§ **Required action**: Write out the listing below character for character, though without its pictures.

§ **Data provided**:
::::::

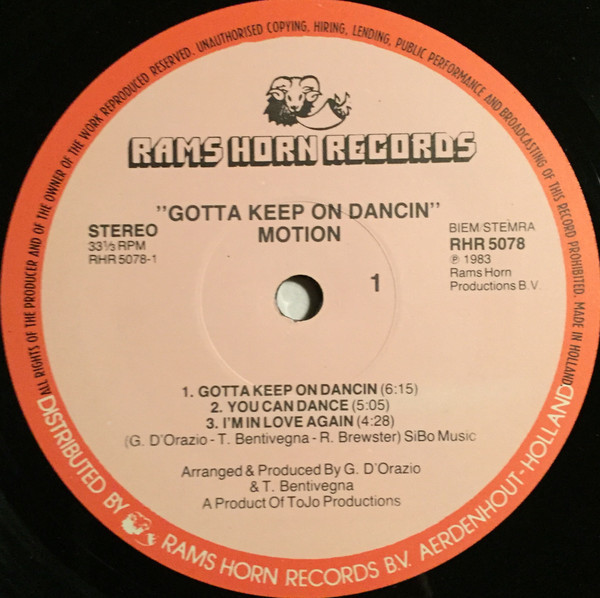 Motion - Gotta Keep On Dancin' | Rams Horn Records (RHR 5078) - 3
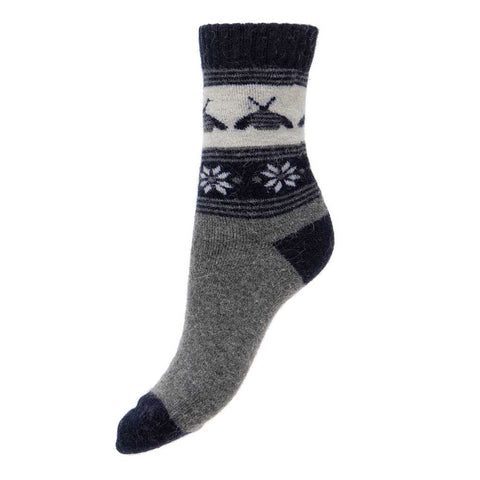 4-7 Black cream wool blend socks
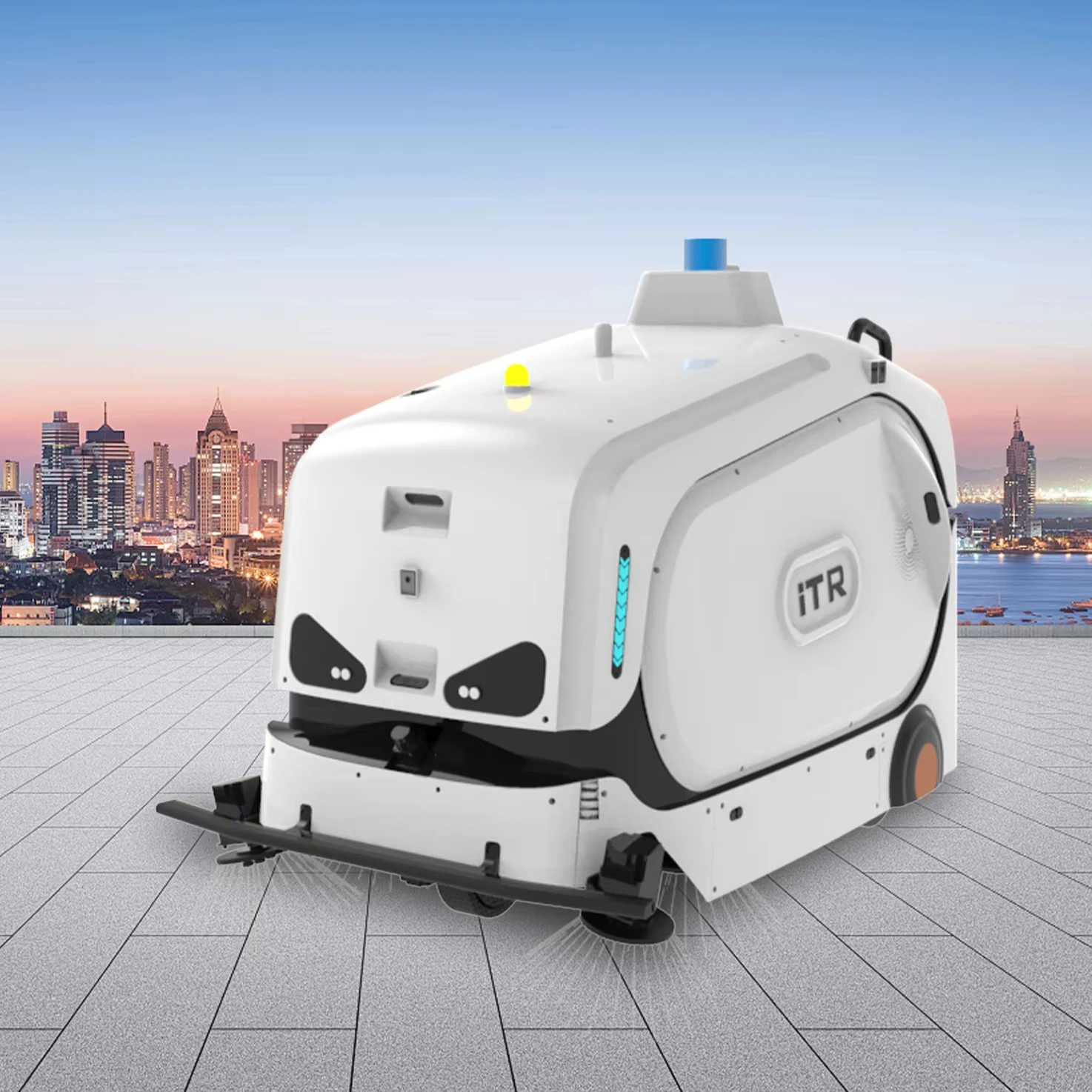 Hot Sale iTR W1 Outdoor Commercial Cleaning Robot for Parking Lot Tow Road Sweeper for Sale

::::::

§ **Written answer**:
 Motion - Gotta Keep On Dancin' | Rams Horn Records (RHR 5078) - 3
 4-7 Black cream wool blend socks
 Hot Sale iTR W1 Outdoor Commercial Cleaning Robot for Parking Lot Tow Road Sweeper for Sale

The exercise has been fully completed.